EU Market: Carbon dips back towards €7 as power prices sink further

Published 17:56 on January 14, 2016  /  Last updated at 17:56 on January 14, 2016  /  EMEA, EU ETS

EU carbon prices fell again on Thursday back towards this week’s nine-month low of €7.01, adding to sentiment that Wednesday’s rise was a "dead cat bounce" rather than the start of a price rebound.

EU carbon prices fell again on Thursday back towards this week’s nine-month low of €7.01, adding to sentiment that Wednesday’s rise was a “dead cat bounce” rather than the start of a price rebound.

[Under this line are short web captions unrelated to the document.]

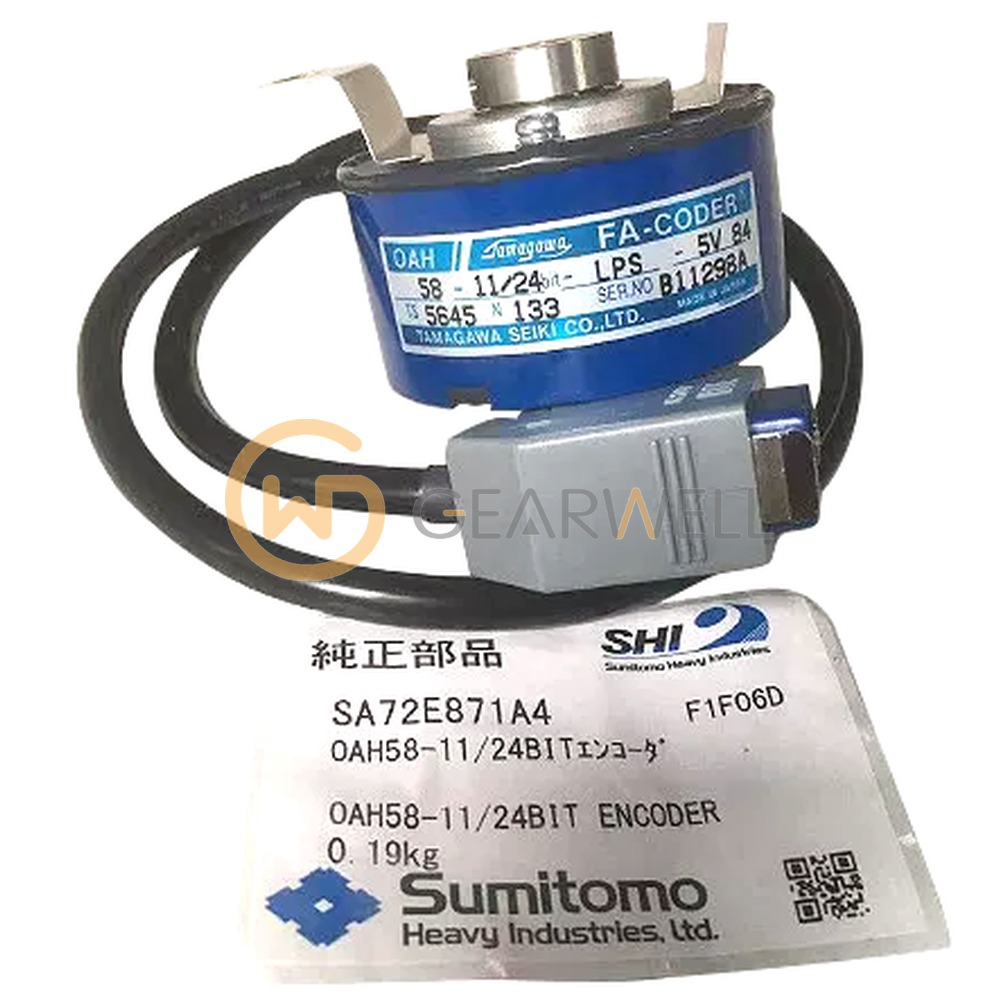 TAMAGAWA TS5645N133 Rotary Encoder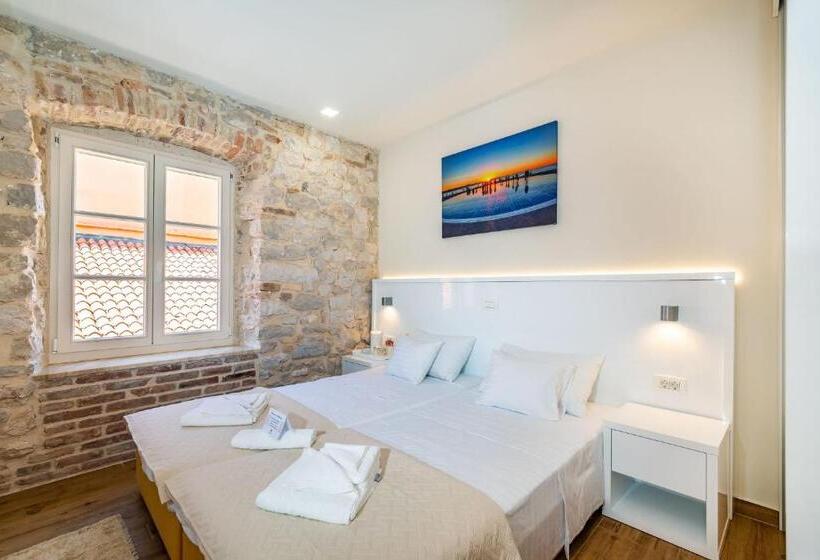 غرفة قياسية, Idassa Atrium Rooms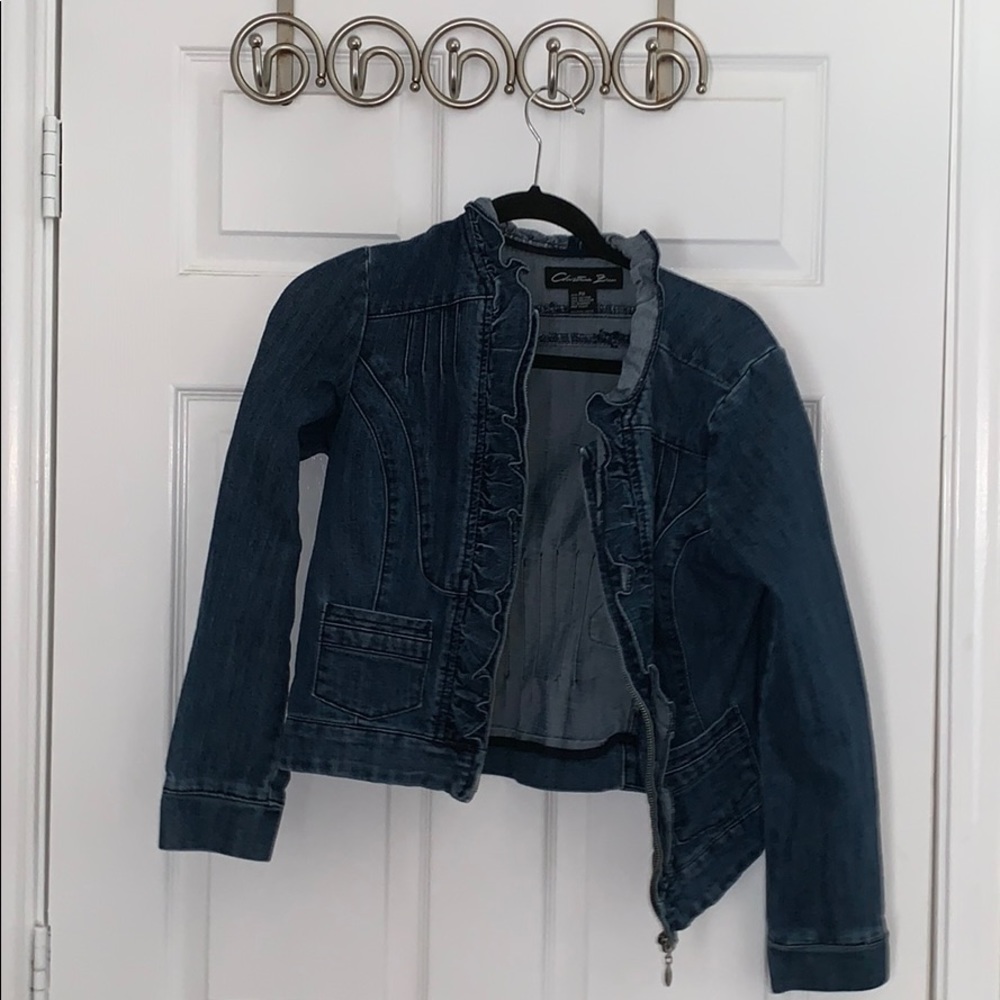 Demon jacket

The Dec-16 EUA contract settled down 16 cents at €7.13 on ICE to give back all the previous session’s gains on heavy turnover of 18.8 million.

It had earlier fallen to as low as €7.06, with traders identifying early drops in power prices as a key factor in carbon’s decline.

Baseload German power prices extended their record lows, with the 2017 contract settling 34 cents or 1.4% lower to €24.26/MWh on EEX.

Weaker carbon and coal prices limited losses on clean dark spreads to a few cents, but German coal-burning utility profit margins still dropped to their lowest in over a week, denting the incentive for generators to sell electricity forward and buy carbon.

ICE’s cal-17 Rotterdam coal futures dipped to fresh lows of $38.40/tonne.  The ongoing fall in prices has prompted ICE to extend the lower range of strike prices on its coal contracts to $10 from $30.

The move comes days after the exchange slashed the lower range of strike prices on its NBP natural gas options.

SEEKING BOTTOM

Traders are keeping a close eye on the open interest on ICE’s Dec-16 EUA contract, which rose by over 4 million units on Wednesday to 563.8 million, according to the most recent bourse data on Thursday.

The new positions were opened during the only session that carbon has risen since the end of 2015, suggesting that traders were placing new bets in anticipation of prices lurching in one direction or another.

“It seems like a lot of people see this as the prime time to buy. It could actually be a very, very clever [long] play, but people do fear the dead cat bounce,” said one market participant.

The amount of open positions has now risen by nearly 9 million units since Dec. 31, but with most of those increasing coming as prices fell, observers are wary that more short-selling pressure could force carbon below €7 for the first time since last April.

Meanwhile, the EU’s auction of 3.425 million spot EUAs cleared at €7.05, some 2 cents below market.  It attracted bid coverage of 2.47, well above the very-low 1.38 coverage in Wednesday’s UK sale and the 2.19 average recorded across the year’s first three sales.

Benchmark EUA prices remain down 14% on Dec. 31 2015’s settlement of €8.29, with many market participants suspecting that speculative short-selling has been responsible for the bulk of the decline as utilities remain on the sidelines.